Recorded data

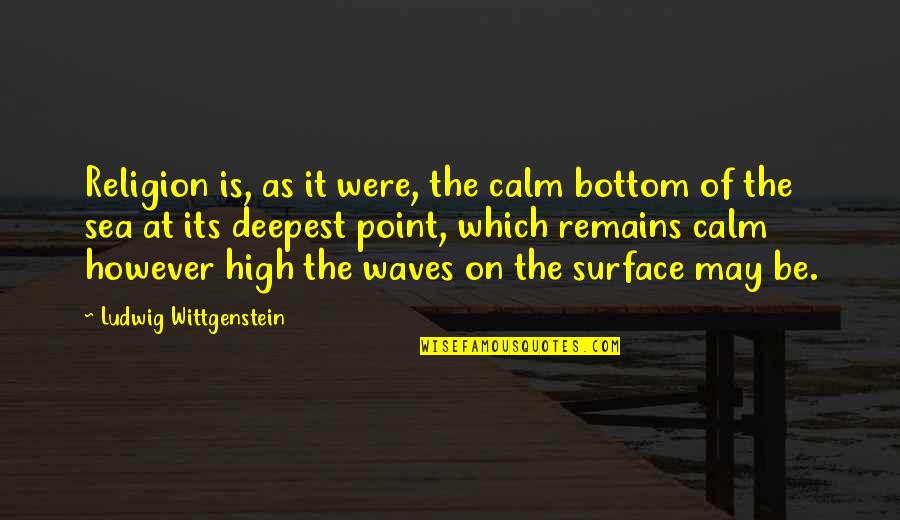 Sea And Serenity Quotes By Ludwig Wittgenstein: Religion is, as it were, the calm bottom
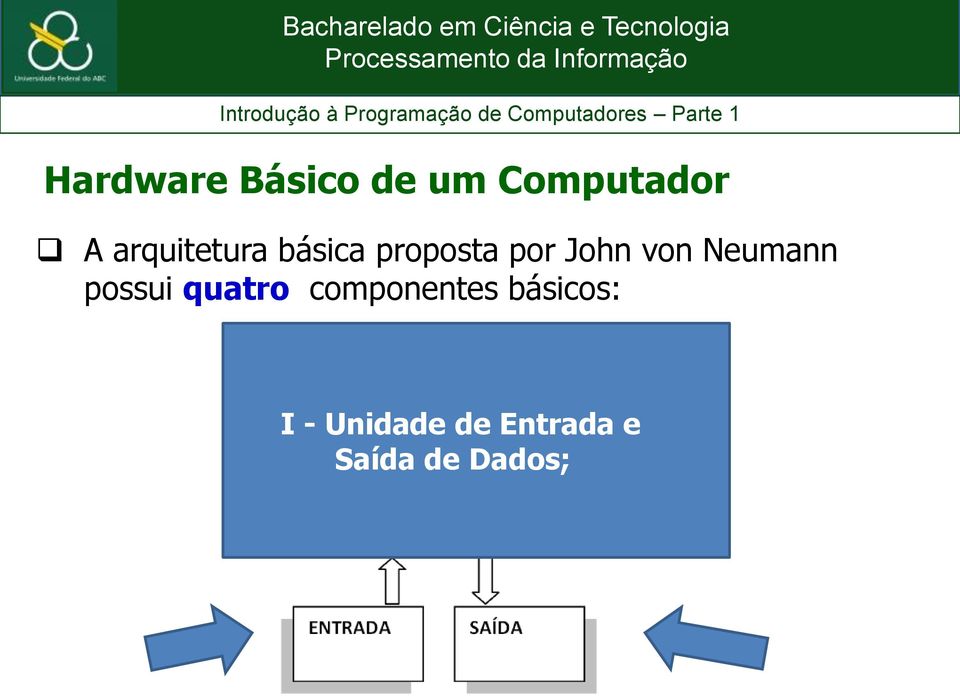 von Neumann possui quatro componentes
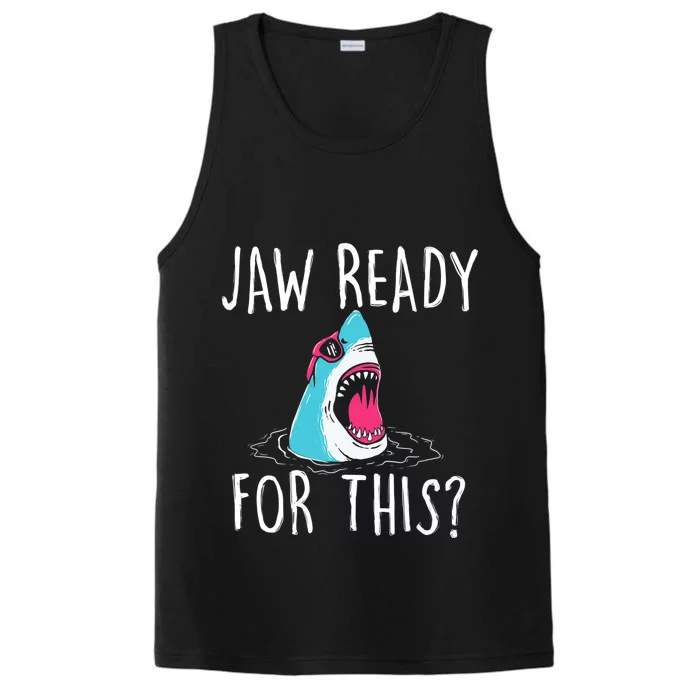 Jaw Ready For This Funny Shark Lover Ocean Wildlife Performance Tank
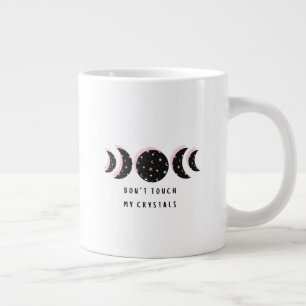 Ne touche pas mes cristaux Grosse Mug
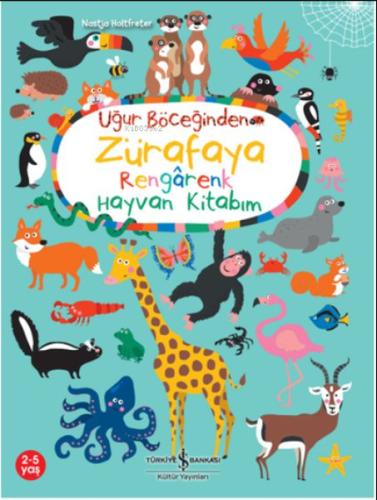 Kurye Kitabevi - Uğur Böceğinden Zürafaya Rengarenk Hayvan Kitabım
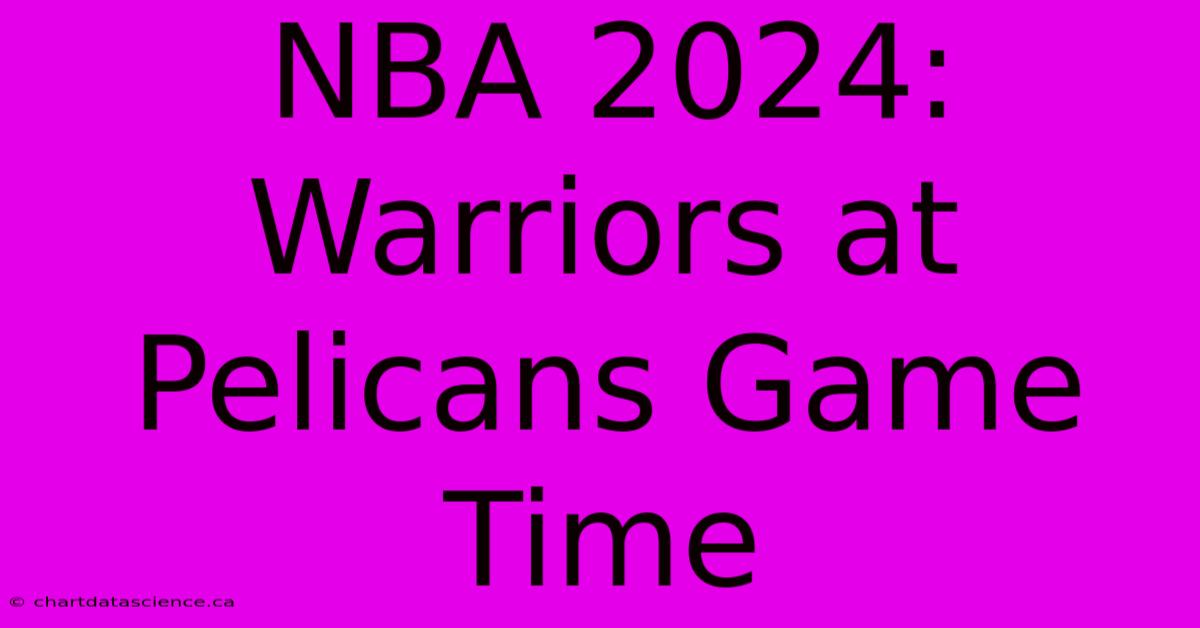 NBA 2024: Warriors At Pelicans Game Time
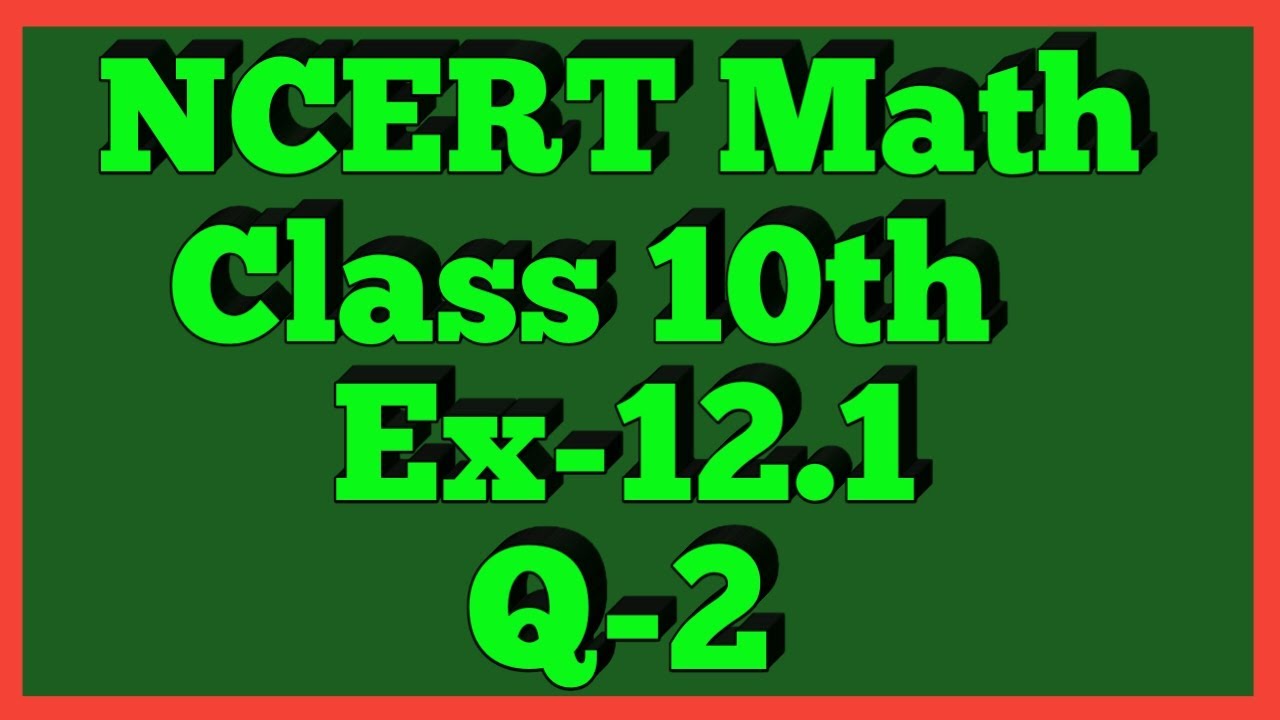 Ex-12.1 Q-2 | Chapter 12 | NCERT | Class 10th Math - YouTube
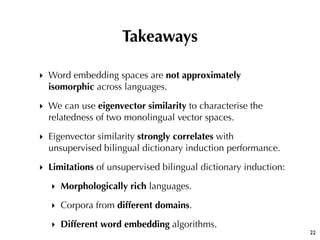 ‣ Word embedding spaces are not approximately
isomorphic across languages.
‣ We can use eigenvector similarity to characte...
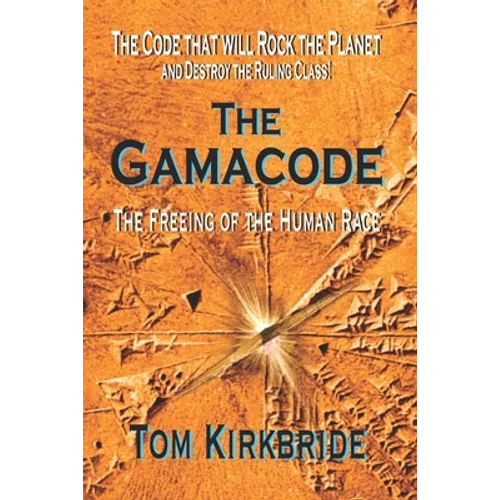 The Gamacode: The Freeing of the Human Race! - Paperback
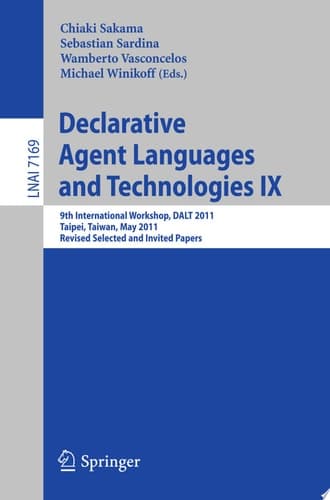 Declarative Agent Languages and Technologies IX 9th International Workshop, DALT 2011, Taipei, Taiwan, May 3, 2011, Revised Selected and Invited Papers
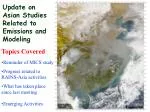 Update on Asian Studies Related to Emissions and Modeling - slide 1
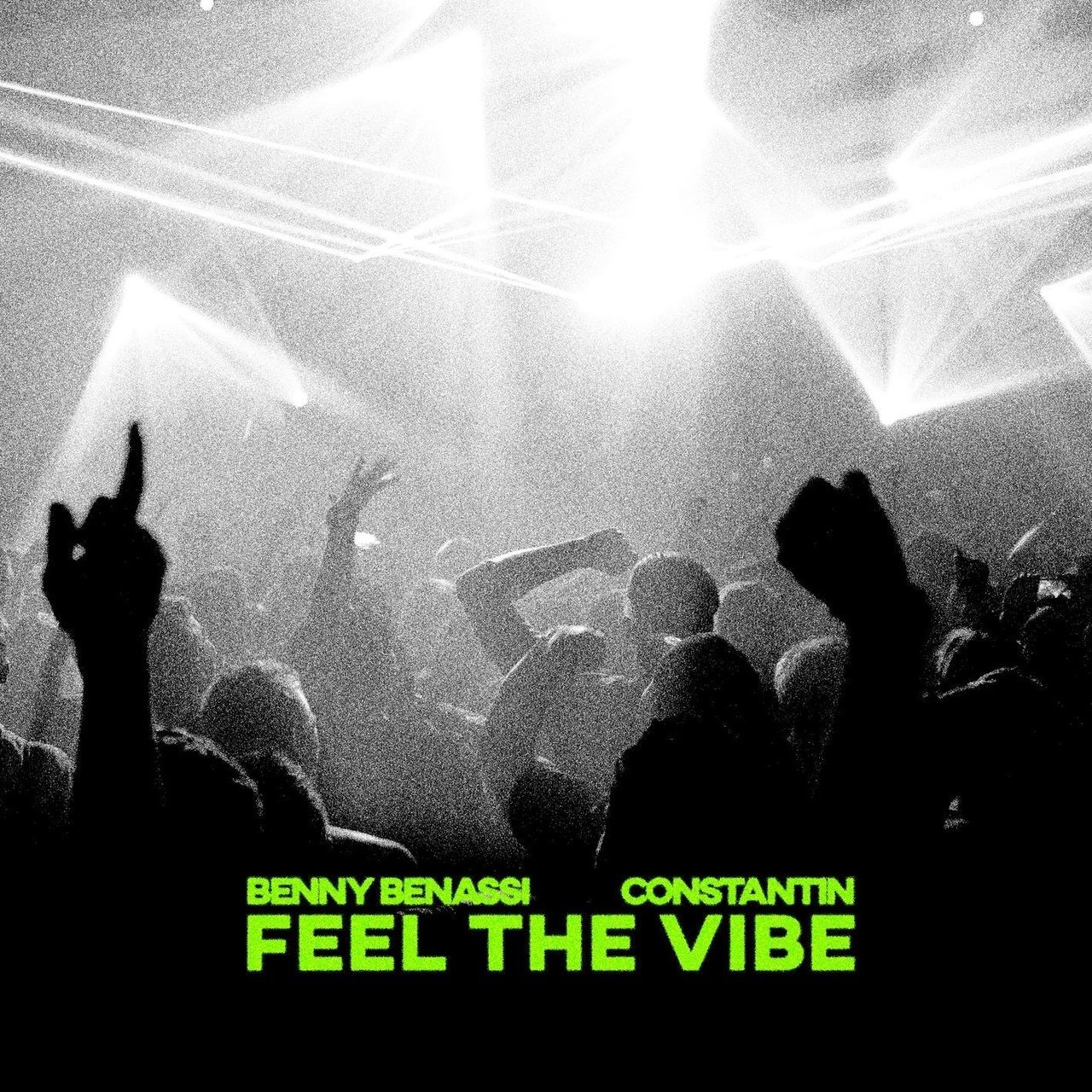 Benny Benassi & Constantin - Feel The Vibe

_Problem details_
Transcribe exactly and only the lines from the top of the records through the line containing "NBA 2024: Warriors At Pelicans Game Time", inclusive, and do not copy the pictures.

_Completed task_
 Sea And Serenity Quotes By Ludwig Wittgenstein: Religion is, as it were, the calm bottom
 von Neumann possui quatro componentes
 Jaw Ready For This Funny Shark Lover Ocean Wildlife Performance Tank
 Ne touche pas mes cristaux Grosse Mug
 Kurye Kitabevi - Uğur Böceğinden Zürafaya Rengarenk Hayvan Kitabım
 NBA 2024: Warriors At Pelicans Game Time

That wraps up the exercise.